It’s important to look – and act – like a leader. (You know that.) But when faced with new, more difficult challenges, it’s often harder to show others that you’re up to the task. (You know this too. But you might not want admit it.)
Over the years, I’ve watched many leaders manage through challenging environments while leading their organizations to new successes. I’ve also seen that, like all good technology, many of their approaches can be used just as successfully by leaders in other situations.
If you find yourself in a place where your skills are being tested, try adding one – or more – of these time-tested and proven successful strategies to your management style repertoire:
1. Great leaders exhibit great calm – Truly powerful people have an air of calm about them. This helps those around them act more rationally and be more successful pushing the organization through difficult times. Exhibit calmness at all times. It will become your nature.
2. Recognize that there is always more time than it seems – Too many mistakes are made by those bosses who think that decisions need to be made quickly every time. It can be tough for a younger leader to buy, but it’s usually true that “this too will pass.” Don’t get stampeded into a bad decision.

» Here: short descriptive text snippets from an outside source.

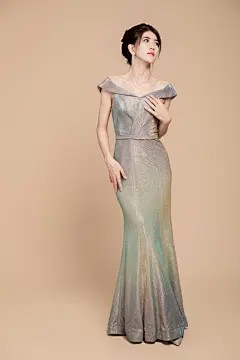 全身照站立银色晚礼服名媛女性人物摄影图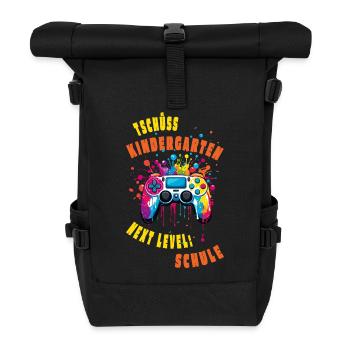 Tschüss Kindergarten -> Next Level: Schule - Rolltop Rucksack - Schwarz - Vorne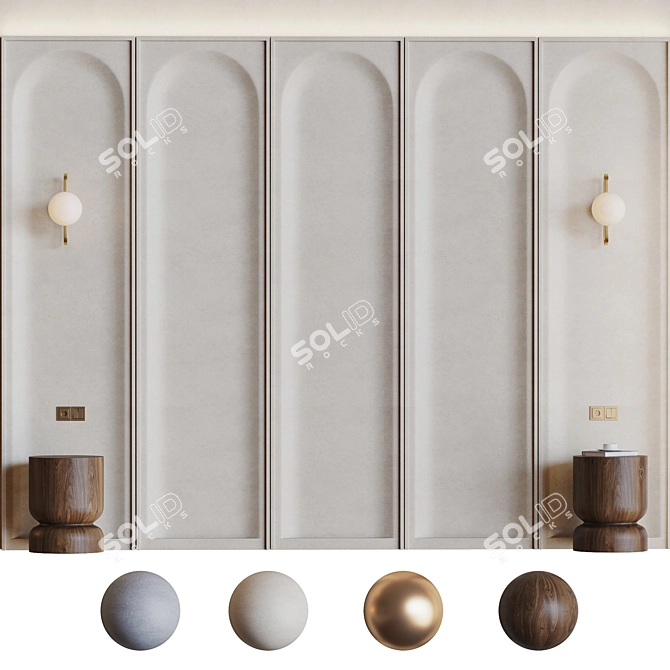 Decorative 3D Panel with Modular Design 3D model image 2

3. Focus on the real world – Although I encourage leaders to use their own intuition or instincts, it’s true that many leaders are far too convinced that they know what’s right every time. They ignore reports and analyses, dismissing them as missing the mark in this particular situation. Accept this: nothing offsets the value of solid data and hard research.
4. Highly Charged = Highly Questionable – Bosses who shout, cry, whine, or are too focused on feelings are a turn-off to those above who can help them succeed. And no one below wants to spend time with a supervisor who can’t be level-headed in difficult times.
Show the each of these groups that you can take the bad news as well as the good. Everyone appreciates working with someone who is even-keeled.
5. Even a weak leader can look good with a great team – Surround yourself with people who know more than you. Give them full credit for their ideas, pay them well, and build loyalty. Everyone I’ve every worked with knows this is true, but for a lot of reasons (pressure from above, misplaced loyalty, their own ego problems) they don’t surround themselves with the best available talent. And then they fail.
Using these strategies you will become a better leader. If using them doesn’t feel “authentic” don’t let that trouble you. That feeling is probably because they’re not a natural part of your skills repertoire. This is normal. To deal with it, I recommend that you take a tip from Tiger Woods who uses coaches constantly: Listen to the coach. Test his tips. And practice them. Often and repeatedly.
At some point the new skill or approach will become a natural part of your style, in turn making you a more successful leader.